[REQUIRED WORK] Print verbatim the lines from the beginning of the entries through the line containing "Ein Schild mit", both ends included. Pictures should be left out.

--- EXERCISE INPUTS ---

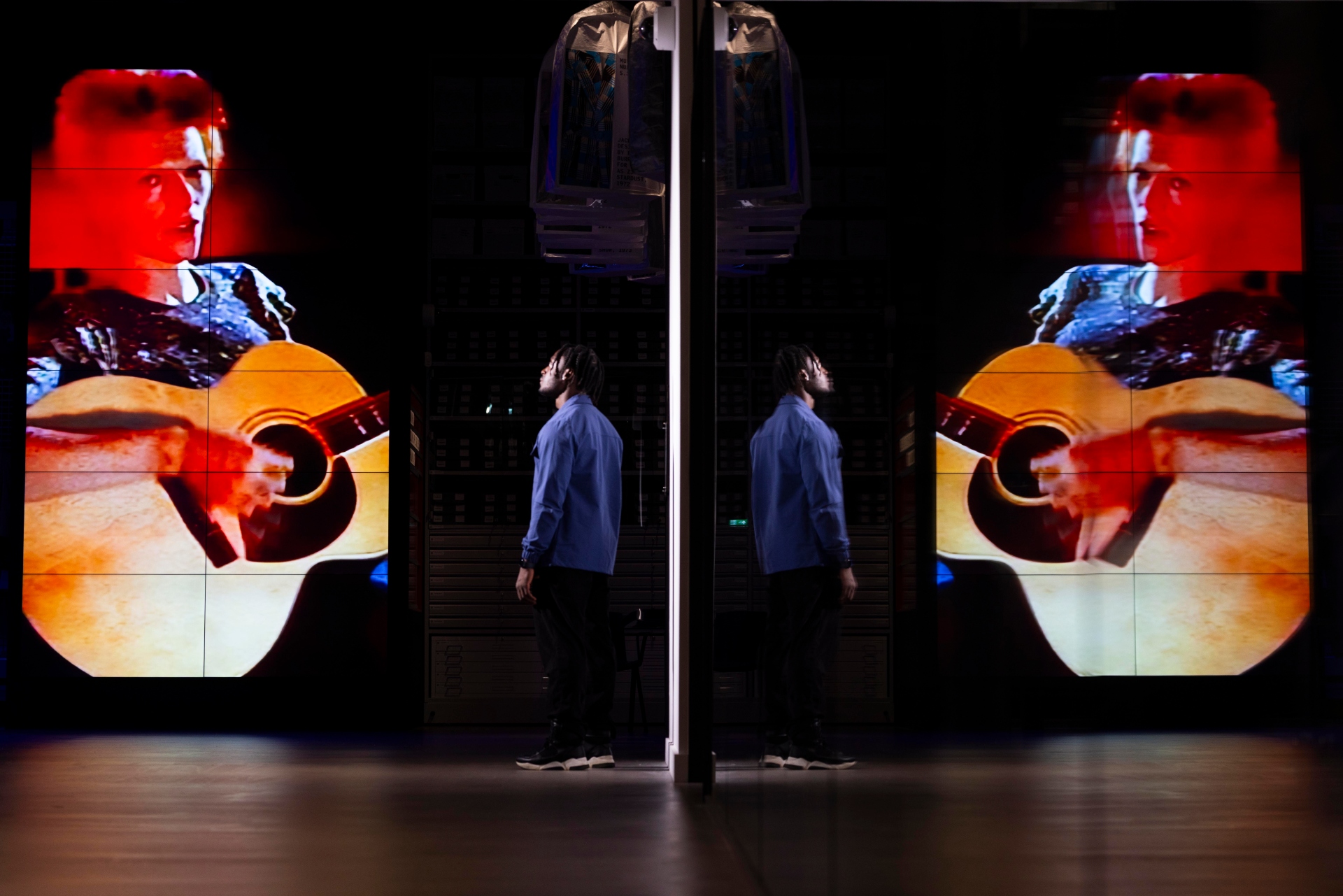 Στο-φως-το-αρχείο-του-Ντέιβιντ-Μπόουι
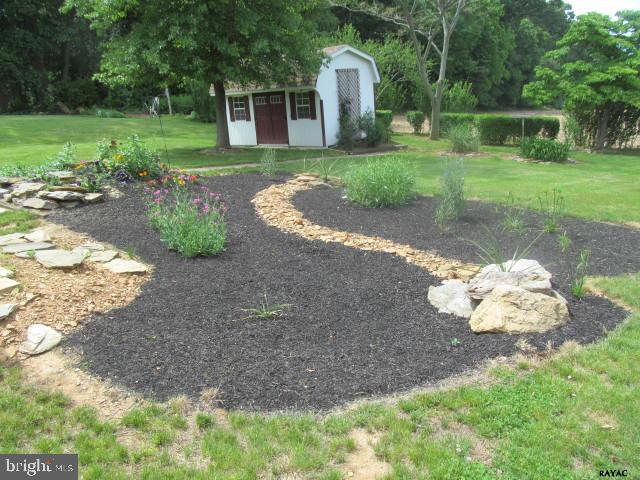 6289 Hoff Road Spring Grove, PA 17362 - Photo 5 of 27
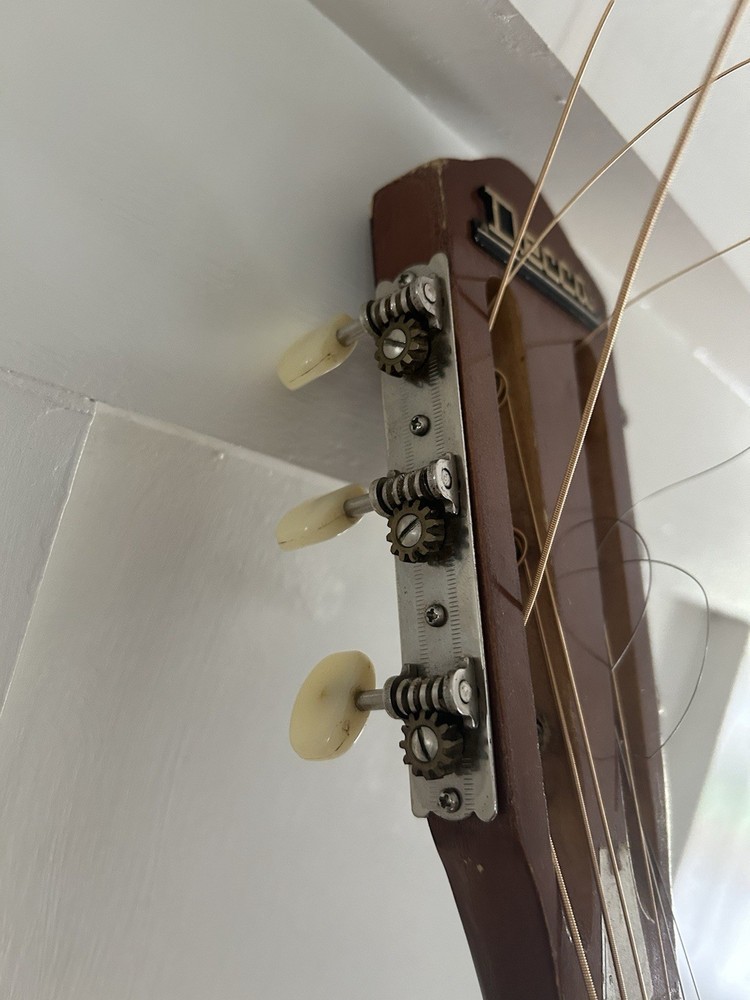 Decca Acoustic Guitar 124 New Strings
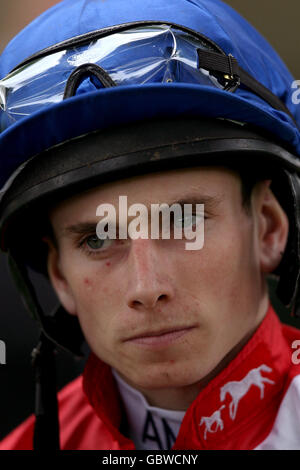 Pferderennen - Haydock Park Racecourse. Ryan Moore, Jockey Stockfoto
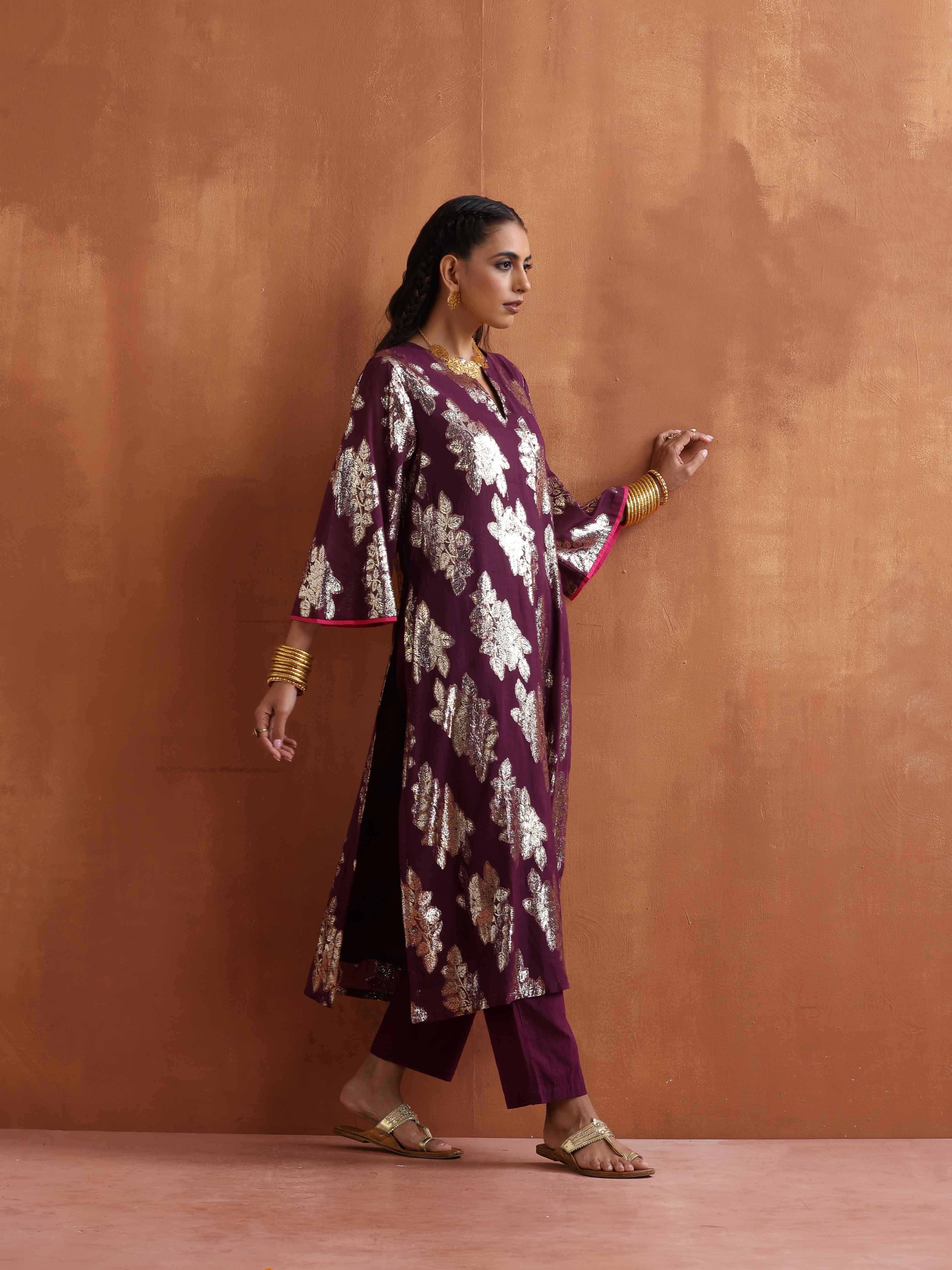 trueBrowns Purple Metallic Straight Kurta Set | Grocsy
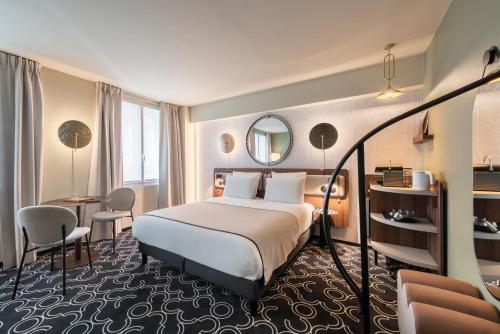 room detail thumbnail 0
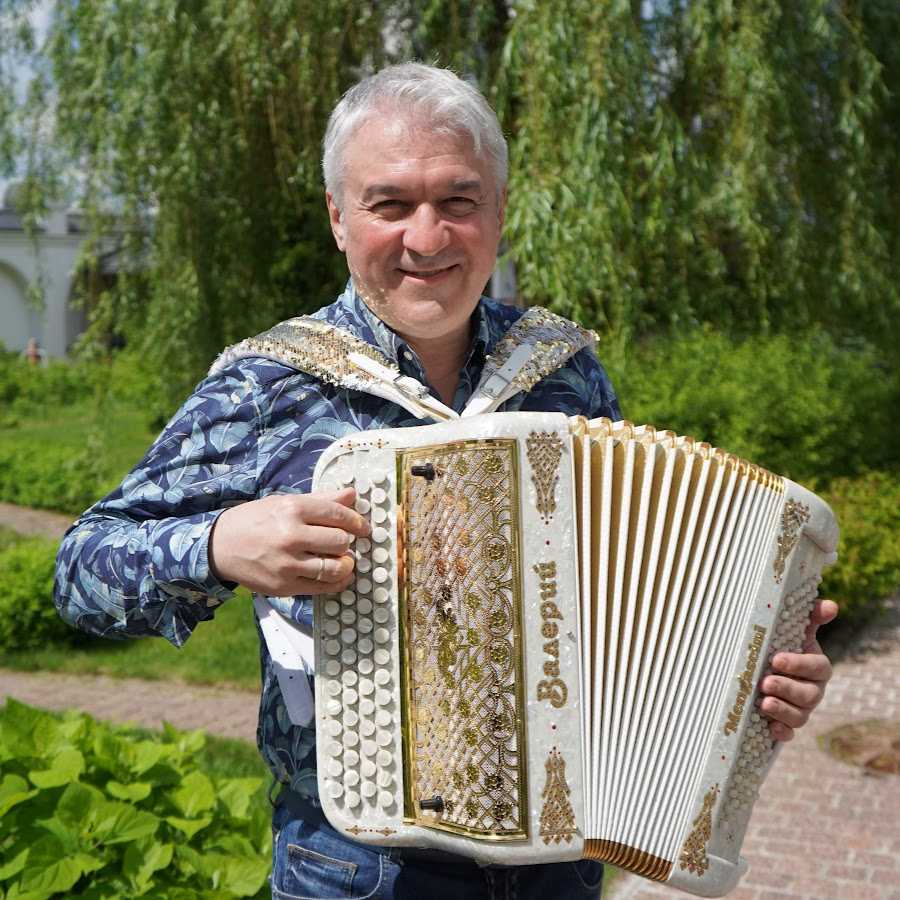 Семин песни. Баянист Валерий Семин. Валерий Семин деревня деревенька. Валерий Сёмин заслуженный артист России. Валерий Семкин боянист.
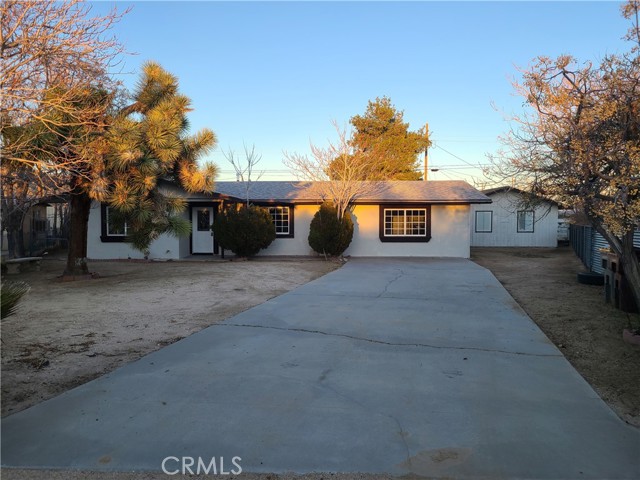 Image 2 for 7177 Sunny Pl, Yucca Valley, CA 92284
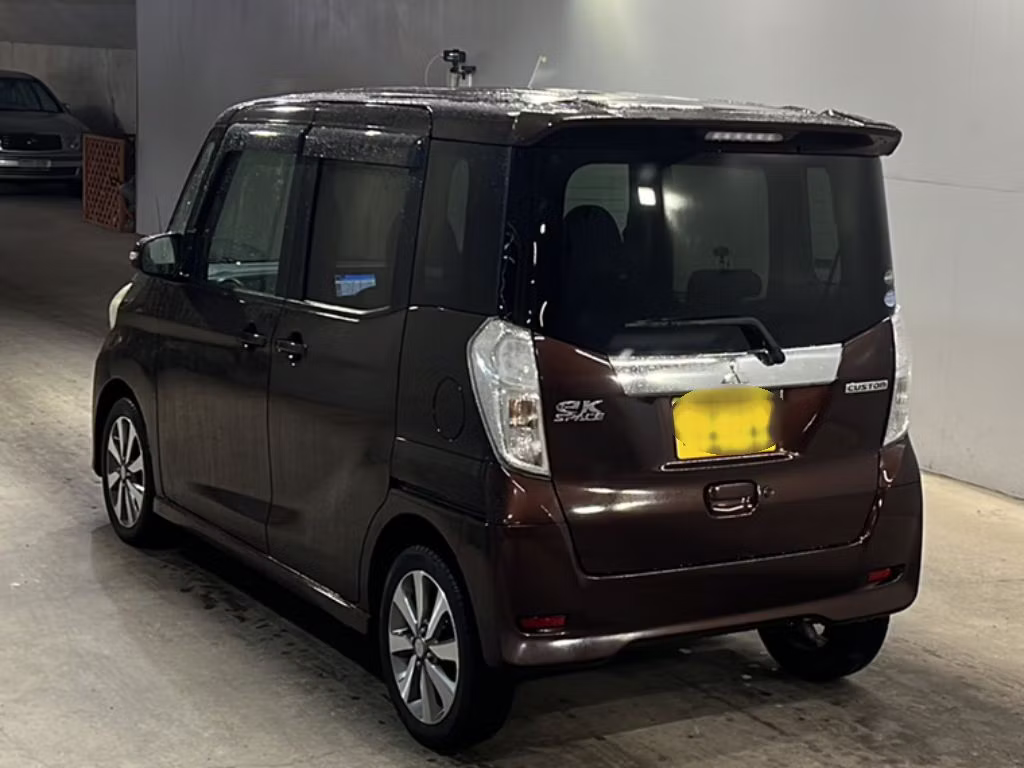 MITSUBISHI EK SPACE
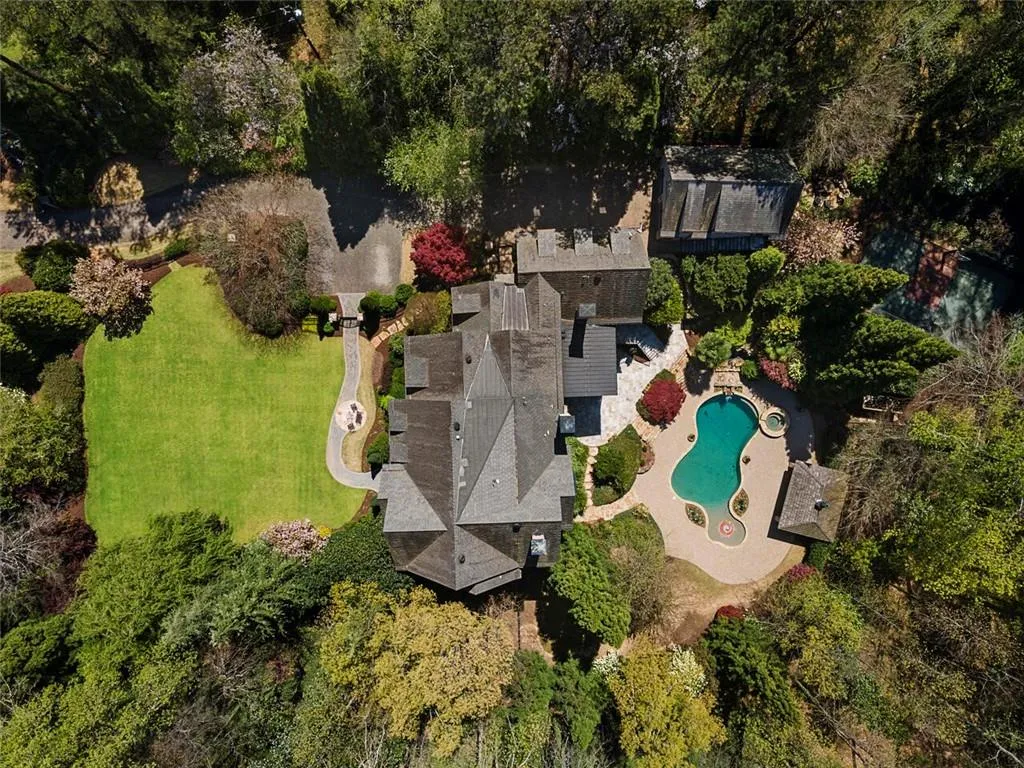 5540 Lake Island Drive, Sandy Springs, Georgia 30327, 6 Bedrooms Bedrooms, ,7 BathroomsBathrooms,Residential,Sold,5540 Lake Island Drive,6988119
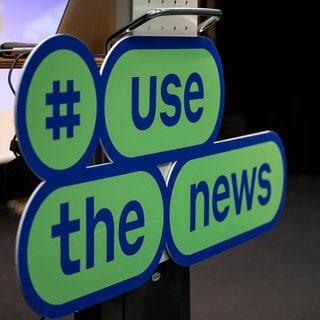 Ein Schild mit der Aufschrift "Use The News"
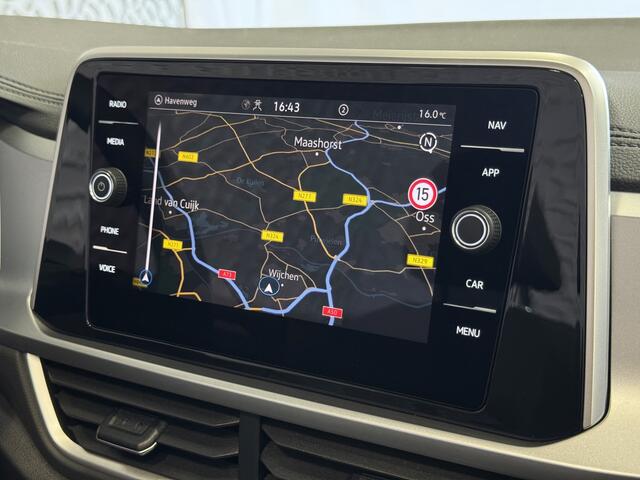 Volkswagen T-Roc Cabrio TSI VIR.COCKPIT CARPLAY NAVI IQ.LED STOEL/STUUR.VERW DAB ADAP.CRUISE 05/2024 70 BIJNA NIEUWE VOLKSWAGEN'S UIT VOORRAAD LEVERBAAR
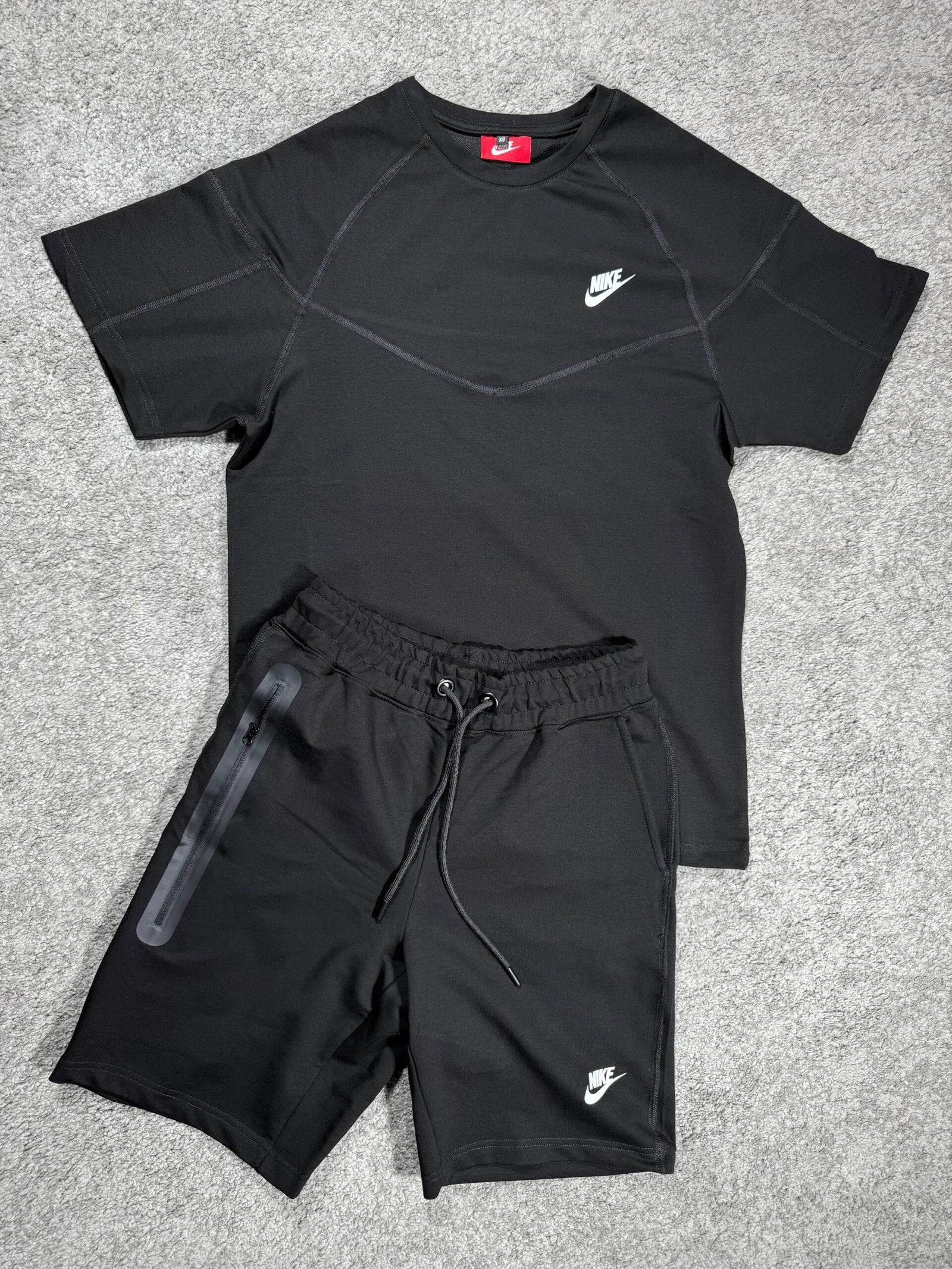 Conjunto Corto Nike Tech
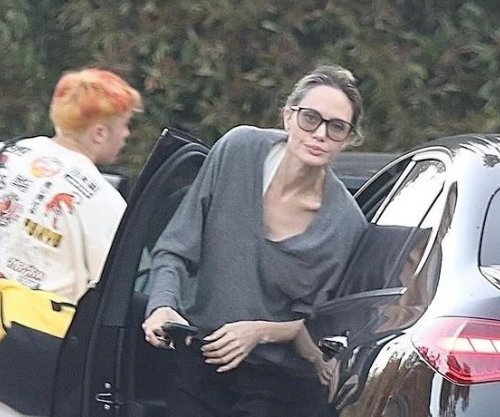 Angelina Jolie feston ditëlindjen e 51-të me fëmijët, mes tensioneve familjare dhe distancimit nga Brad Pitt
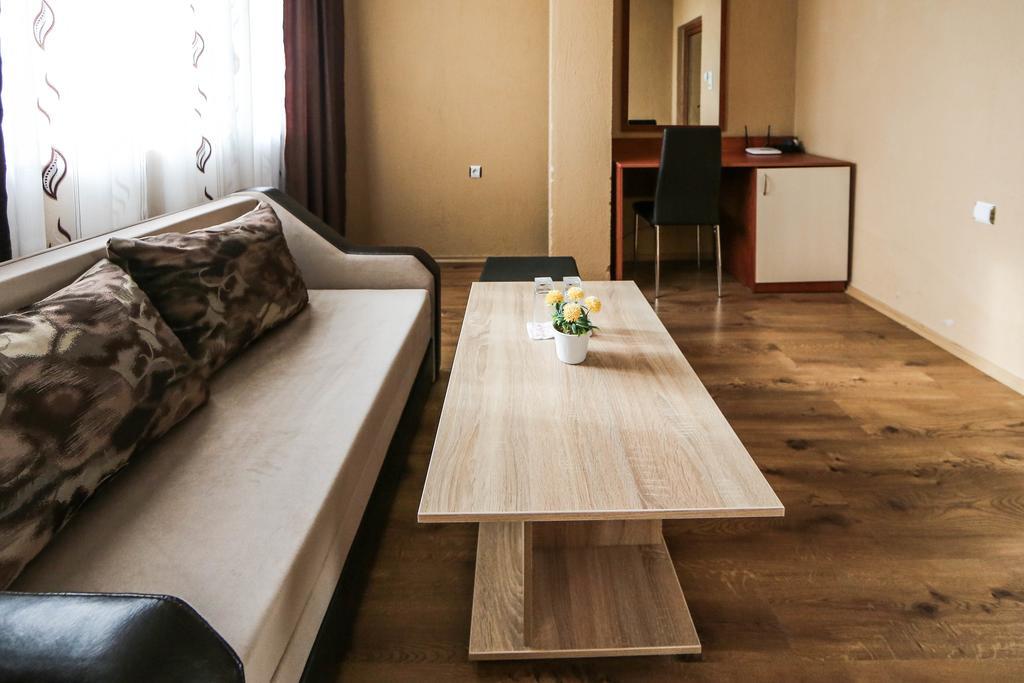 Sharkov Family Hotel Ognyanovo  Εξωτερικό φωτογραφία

---

[RESULT FOR THIS TASK]
 Στο-φως-το-αρχείο-του-Ντέιβιντ-Μπόουι
 6289 Hoff Road Spring Grove, PA 17362 - Photo 5 of 27
 Decca Acoustic Guitar 124 New Strings
 Pferderennen - Haydock Park Racecourse. Ryan Moore, Jockey Stockfoto
 trueBrowns Purple Metallic Straight Kurta Set | Grocsy
 room detail thumbnail 0
 Семин песни. Баянист Валерий Семин. Валерий Семин деревня деревенька. Валерий Сёмин заслуженный артист России. Валерий Семкин боянист.
 Image 2 for 7177 Sunny Pl, Yucca Valley, CA 92284
 MITSUBISHI EK SPACE
 5540 Lake Island Drive, Sandy Springs, Georgia 30327, 6 Bedrooms Bedrooms, ,7 BathroomsBathrooms,Residential,Sold,5540 Lake Island Drive,6988119
 Ein Schild mit der Aufschrift "Use The News"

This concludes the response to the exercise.